Pero esto no es nuevo. Durante muchos años, en distintas etapas de la historia, ha habido pueblos y culturas que han reivindicado la guerra y la anexión de territorios como un imperativo superior, como si de un mandato divino se tratara. Y tampoco es nuevo, que esta visión de las cosas no se circunscriba a determinados lugares, entornos culturales o religiones, sino que ha sido una práctica común en pueblos muy diversos, con formas muy distintas de entender la religión.
La idea que, desde esta perspectiva, contemplan sus ejecutores, ya sean reyes, generales, dirigentes o simples adeptos, es la de combatir a los enemigos de Dios (o de su dios) con lo que su lucha, su combate, quedaría —según su punto de vista— plenamente justificado.
En las sucesivas invasiones que se produjeron por los antiguos imperios y en la multitud de tribus que en Oriente Próximo combatieron durante los dos milenios anteriores al nacimiento de Cristo, parece ser que el dios particular de cada pueblo cumplía las funciones de caudillo, jefe militar o general supremo de su ejército; dioses que marchan al frente de su pueblo o tribu, y cuya hegemonía militar o de poder debía ser demostrada frente a los dioses de sus enemigos. Actitud, esta, de la que no estaba exento el pueblo de Israel. (Un título que todavía se utiliza en distintas versiones bíblicas es el de «Jehová de los ejércitos»).
Una estela conmemorativa del rey asirio Tiglath-Phalasar I (1115-1077 a. C.), hallada en Manzikert, muestra, ya en época tan temprana como los siglos xi y xii a. C., este particular concepto de la religión. Dice:
Avancé contra los alhamu-arameos, enemigos del dios Assur, mi señor… Les infligí pérdidas y conseguí prisioneros, bienes y numerosos rebaños (L. W. King, Annals of the King of Assyria, Londres, 1902). Recogido del libro: El Próximo Oriente Asiático, de P. Garelli y V. Nikiprowetzky.

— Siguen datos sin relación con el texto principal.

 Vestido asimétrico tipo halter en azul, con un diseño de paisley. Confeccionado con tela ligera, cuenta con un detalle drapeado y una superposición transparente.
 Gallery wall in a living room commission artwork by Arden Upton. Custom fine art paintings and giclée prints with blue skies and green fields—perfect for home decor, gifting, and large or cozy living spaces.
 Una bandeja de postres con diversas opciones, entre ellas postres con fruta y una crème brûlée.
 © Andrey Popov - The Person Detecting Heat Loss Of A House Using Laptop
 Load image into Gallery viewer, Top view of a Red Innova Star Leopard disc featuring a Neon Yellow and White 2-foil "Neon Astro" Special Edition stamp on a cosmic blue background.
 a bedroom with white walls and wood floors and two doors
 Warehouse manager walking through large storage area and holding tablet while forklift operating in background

Relato, este, que nos resulta familiar por ser semejante al de algunos textos bíblicos, especialmente en los libros de Josué y Jueces; aunque, en vez de ser Assur el dios a cuyos enemigos se combate, es —según los autores judíos— Jehová, o Yahvé, quien directamente «ordena» la masacre y destrucción de numerosos pueblos y ciudades, como Jericó, (Josué, cap. 6), o Hai (cap. 8: 1-29), etc., en aras a la ocupación de un territorio, supuestamente, por él prometido, con relatos tan terribles como los narrados en Jos. 6: 21:
Y destruyeron a filo de espada todo lo que en la ciudad había; hombres y mujeres, jóvenes y viejos, hasta los bueyes, las ovejas, y los asnos.
F. F. Bruce, en su libro Israel y las naciones, describe el final de esta batalla de la siguiente forma:
Derribados sus muros (los de la ciudad de Jericó), quedó indefensa ante ellos. Como primicia de sus conquistas en Canaán, la «dedicaron» solemnemente a Yahvé con todo lo que contenía. La riqueza metálica —hierro, bronce, plata y oro— de la ciudadela se aportó para el servicio del santuario de Yahvé; el resto fue consumido en un gigantesco holocausto. Esta «dedicación» de Jericó, juntamente con el solemne ritual que precedió al asalto, según lo hallamos en el libro de Josué, indican que los israelitas se habían comprometido en una guerra santa; las acciones bélicas en que tomaron parte, tanto al este como al oeste del Jordán, recibieron el nombre de «guerras de Yahvé», y como tales están celebradas en cánticos sagrados.
El final de la destrucción de la ciudad de Hai también es narrada en el libro de Josué, y dice:
Y cuando los israelitas acabaron de matar a todos los moradores de Hai en el campo y en el desierto a donde los habían perseguido, y todos habían caído a filo de espada hasta ser consumidos, todos los israelitas volvieron a Hai, y también la hirieron a filo de espada.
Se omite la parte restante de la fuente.